The Family Cap

Probes a repeal of the New Jersey Family Cap and a reformation of the New Jersey welfare policies in general.

In 1993, New Jersey became the first state to introduce the so-called Family Cap in state welfare policy, under which the state no longer awards cash assistance payments to women who have more children while on welfare. Since 1993, twenty-two other states have enacted similar laws. In January of 2003, the American Civil Liberties Union (ACLU) acted on behalf of New Jersey welfare recipients by taking the Family Cap provision to the State Supreme Court, arguing that it violated the Constitution of New Jersey. However, the Supreme Court of New Jersey upheld the original Family Cap decision, claiming it did not violate any existing constitutional laws in the state. This paper argues that the Family Cap, designed to penalize unwise family planning, results in unethical and discriminatory practices. The paper proposes a repeal of the Family Cap and a reformation of the New Jersey welfare policies.
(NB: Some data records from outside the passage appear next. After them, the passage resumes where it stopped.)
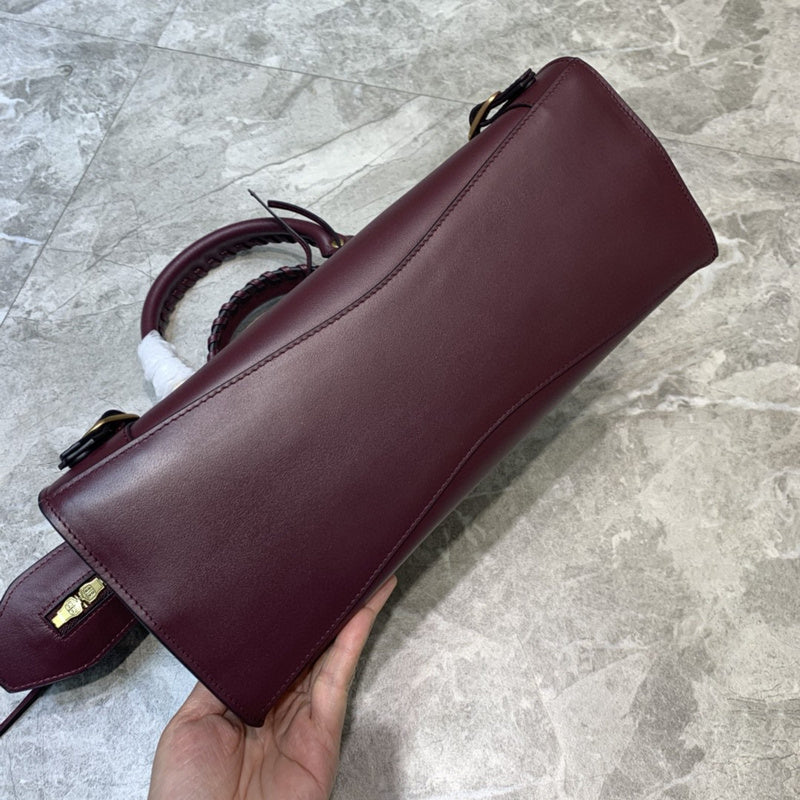 Aura Bags - BGA Bags - 882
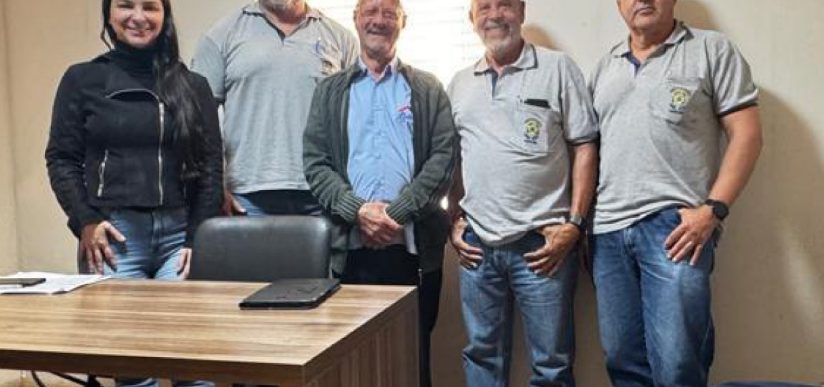 Fiscalização presente: Creci-MG intensifica ações em junho e reforça compromisso com a sociedade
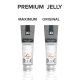 Розпродаж!!! Лубрикант System JO PREMIUM JELLY — MAXIMUM (120 мл) (термін 01.10.2023)
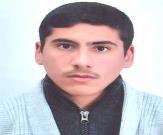 Mustafayev İsmayıl Elmar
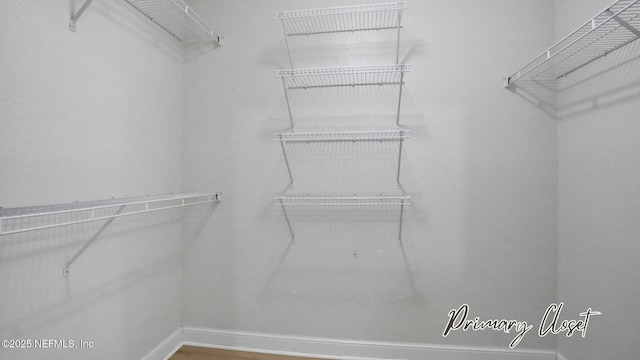 111 25th Ave S Unit M34, Jacksonville Beach, FL 32250 - photo 31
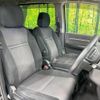 honda stepwagon-spada 2016 CFJ1712923 image 8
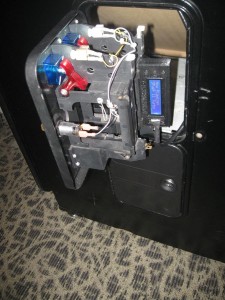 IMG_6269 (Custom)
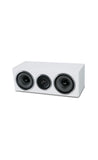 Diamond 11.CS Center Channel Speaker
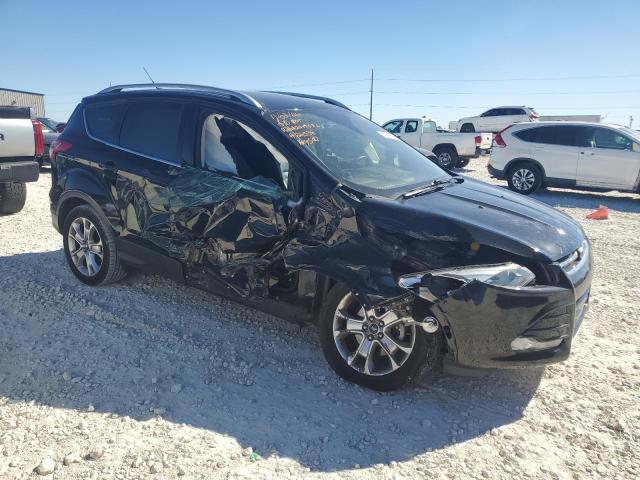 Photo 4 from auction – 2016 FORD ESCAPE TIT with VIN 1FMCU0JX0GUC03062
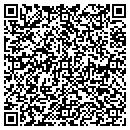 QR code with William F Dolan Jr contacts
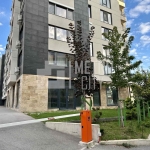 Дава се под наем Магазин в София, Студентски град - 276 кв.м за 3316 € - Снимка #1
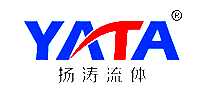 YATA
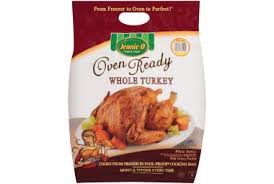 jennie-o turkey coupon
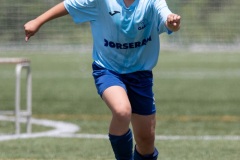 micfootfem_2024_rodri.photoAE0I9714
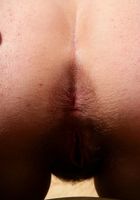 Hairy babe KayC teases with her hairy body, KayC (kay037) ATK Natural & Hairy: KayC (Hairy babe KayC teases with her hairy body)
“Although some studies suggest that birth rates have declined due to the Family Cap, a closer examination of the research shows that birth rates declined universally before the Cap was instated (Donovan; Levin-Epstein). In fact, the Rutgers studies outlined by Levin-Epstein do not exhibit any clear positive results stemming from the instatement of the Family Cap. Furthermore, those in favor of the Cap imagine that it will help welfare recipients become more financially independent by decreasing their reliance on government assistance. However, the Cap only hurts children born to poor mothers and is therefore unethical and discriminatory.”